Zeca conta com 33 internacionalizações pela Grécia© Getty Images
Esse passo que deu esteve relacionado com o facto de sentir que não ia ter oportunidade na seleção portuguesa?
Claro, também passou pela minha cabeça e ajuda a tomar a decisão. Nunca estive perto da seleção portuguesa, nunca foi algo que esteve na iminência de acontecer. Tive uma proposta da Grécia que era muito vantajosa para mim, representar um país que me diz muito já que a minha filha nasceu aqui também. Tenho uma conexão muito grande com a Grécia. Hoje estou 100% feliz com a minha decisão de representar a seleção grega.
Como foi a estreia pela seleção grega, em 23 de março de 2017, num jogo de qualificação para o Mundial?
Foi um dia cheio de emoções e complicado. Nunca tinha vivido tantas emoções num jogo de futebol. Estava muito nervoso. Mas foi tudo muito lindo, diante da Bélgica. Estivemos quase a ganhar o jogo, eles empataram aos 88 minutos depois de termos estado com menos um quase toda a segunda parte. Joguei sete minutos. Foi um dia que nunca mais vou esquecer por tudo o que aconteceu, desde ter cantado o hino e vestido a camisola da Grécia. Foi um sonho tornado realidade ter representado uma seleção.
O jogo de estreia de Zeca pelos helénicos© Getty Images
Já não é desse tempo na seleção, mas o Fernando Santos é um ícone na Grécia pelo trabalho na equipa nacional e noutros clubes gregos. Como é que ele é visto aí no país?

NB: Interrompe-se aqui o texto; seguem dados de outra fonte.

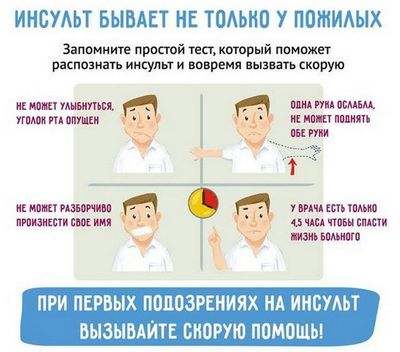 инсульт инсульт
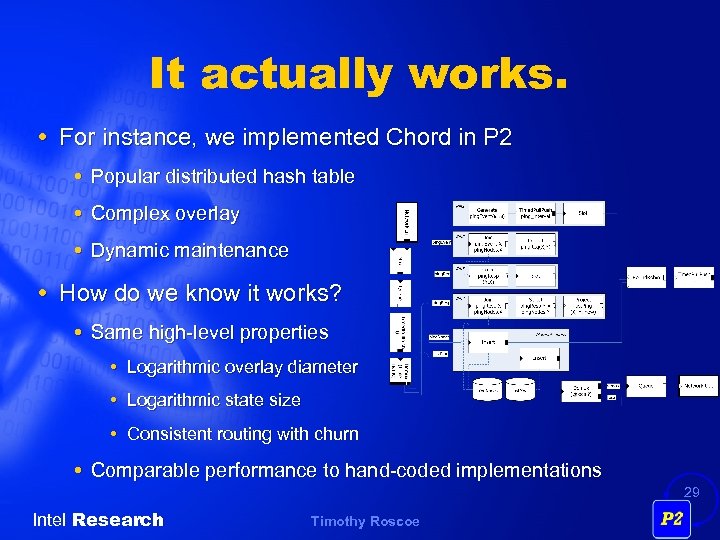 It actually works. For instance, we implemented Chord in P 2 Popular distributed hash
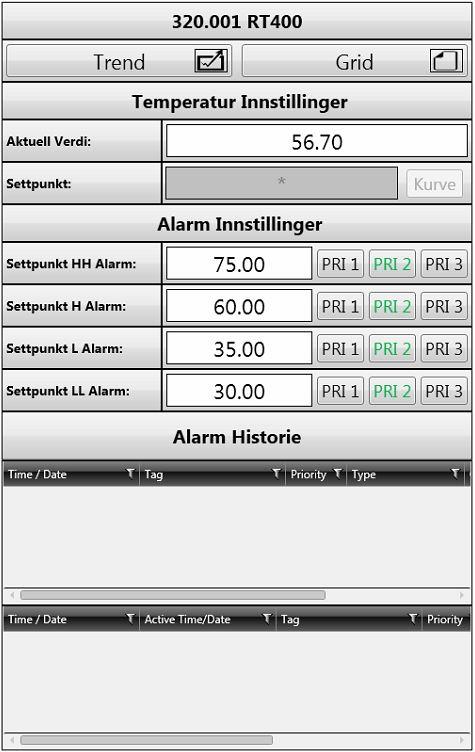 Ekempel på meny stuktur; Romregulering. Hvert rom viser temperatur og/eller CO2-nivå.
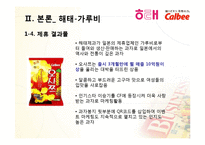 [글로벌전략] 해태-가루비, 오리온-프리토레이 전략적 제휴-13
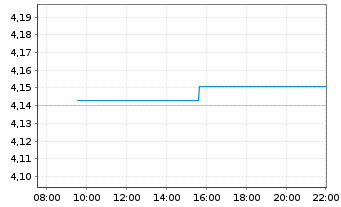 Chart iSh. III-iSh. EUR Gov. Bd Cl. Dis. o.N. - Intraday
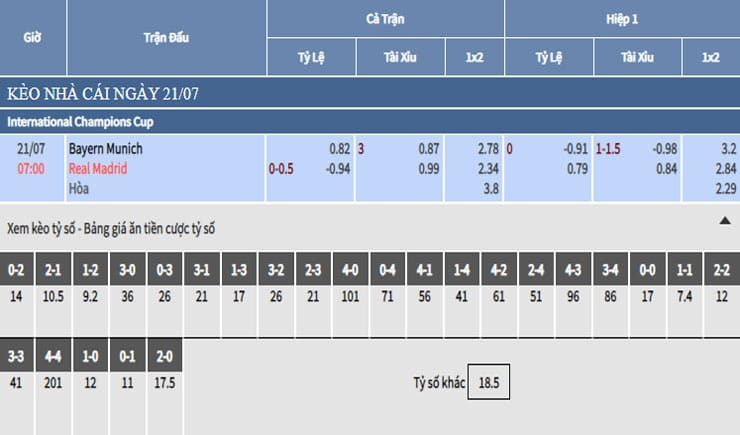 Bảng tỷ lệ kèo nhà cái trận Bayern Munich vs Real Madrid Bảng tỷ lệ kèo nhà cái trận Bayern Munich vs Real Madrid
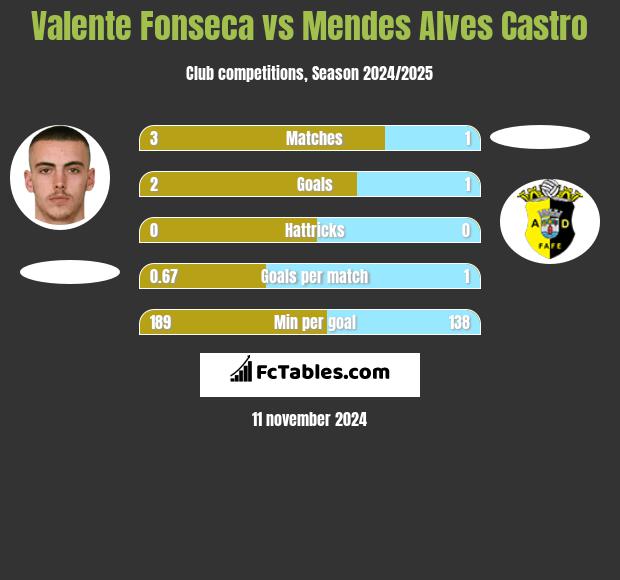 Valente Fonseca vs Mendes Alves Castro h2h player stats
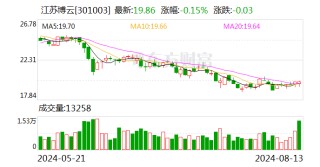 江苏博云：上半年净利润同比增长29.96%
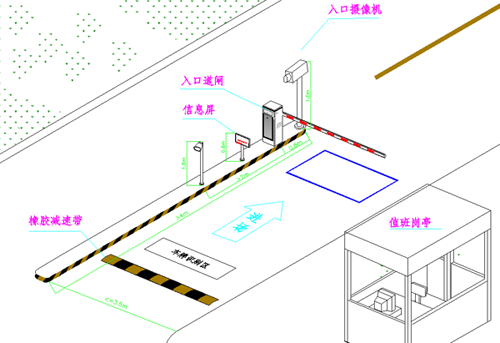 煙臺停車場系統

Toda a gente gosta dele e se lembra dele. Fez um grande trabalho por aqui. Todos o adoram. Aqui é muito bem visto e deixou muitas saudades aos gregos. Fez um trabalho incrível na seleção e acho que foi o último treinador a ir a uma grande competição com a Grécia.
Um pouco à boleia de Fernando Santos em 2016, pode-se dizer que foi campeão europeu duas vezes. Por Portugal e pela Grécia...

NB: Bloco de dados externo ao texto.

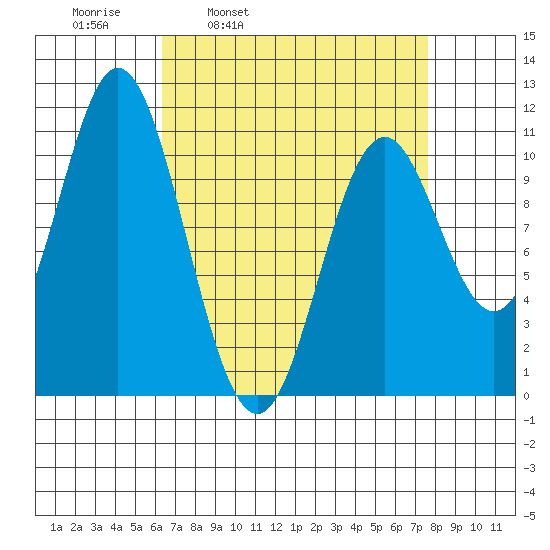 Sumner Island tide chart for Friday, April 2, 2021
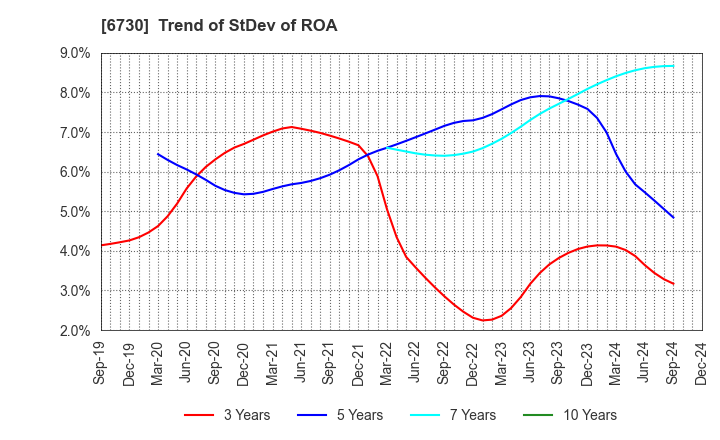 6730 AXELL CORPORATION: Trend of StDev of ROA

[Risos] Sim, pode-se dizer isso. Em 2004 não me sentia grego, mas, realmente, agora, digo aos gregos que sou o único que tem dois Campeonatos Europeus por duas seleções diferentes.

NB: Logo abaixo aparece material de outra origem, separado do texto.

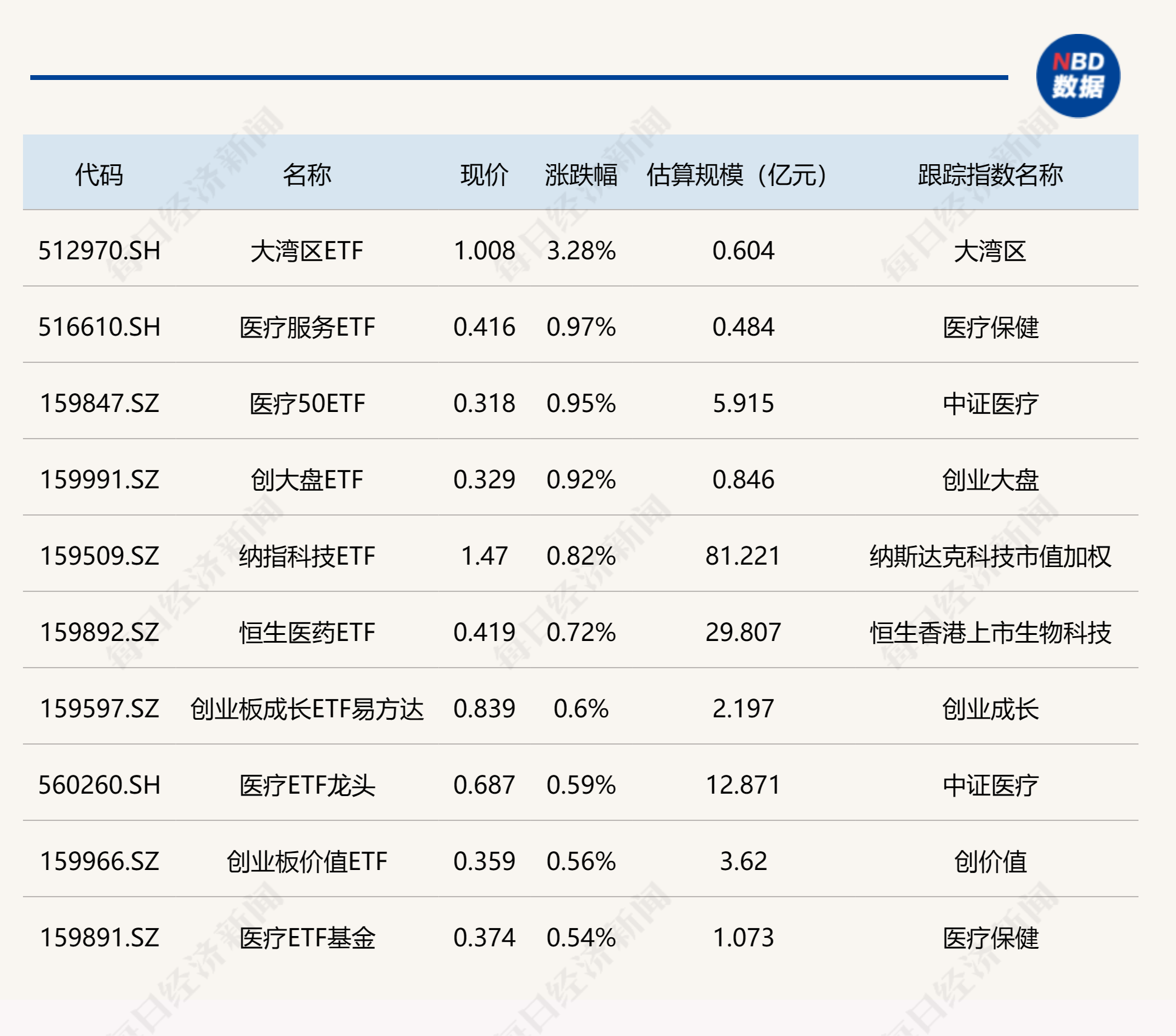 ETF今日收评 | 大湾区ETF上涨3.28%，红利相关ETF跌幅居前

Nunca vou deixar de ser português, nasci em Portugal. A minha família é portuguesa
Têm a expetativa de que a Grécia possa voltar a esses patamares de lutar pelas competições? Um Europeu, um Mundial...
O que quero agora é voltar a jogar e a estar bem e representar o meu clube e que a seleção faça o seu melhor e que esteja num Europeu ou Mundial comigo ou sem mim. Mais para a frente, quando tiver minutos, logo se vê se consigo estar lá. Só a jogar posso pensar em ajudar a seleção e os meus colegas a conseguirem esse objetivo. O país merece e os jogadores da seleção também.
Continua a sentir-se também muito português, ou neste momento mais ligado à Grécia?
Já disse isto várias vezes. Nunca vou deixar de ser português, nasci em Portugal. A minha família é portuguesa. Sinto-me grego da mesma forma que me sinto português. Acolheram-me bem, é um país que me deu muito amor, visibilidade e a oportunidade de representar o país dele. Não me sinto nem mais português nem mais grego. Sinto os dois países da mesma forma.
Aos 34 anos, já se pensa na carreira época a época. Já pensa em terminar a carreira no final desta temporada desportiva?
Vai depender de vários fatores, entre eles, a condição física. Sinto-me bem e que posso ajudar. Enquanto sentir isso e os clubes também, vou continuar a jogar. Neste momento estou focado a jogar pelo clube e ajudar. Mais tarde vou pensar noutra coisa. O que quero é voltar aos relvados depois de tanto tempo fora deles. Depois, logo posso pensar noutras coisas.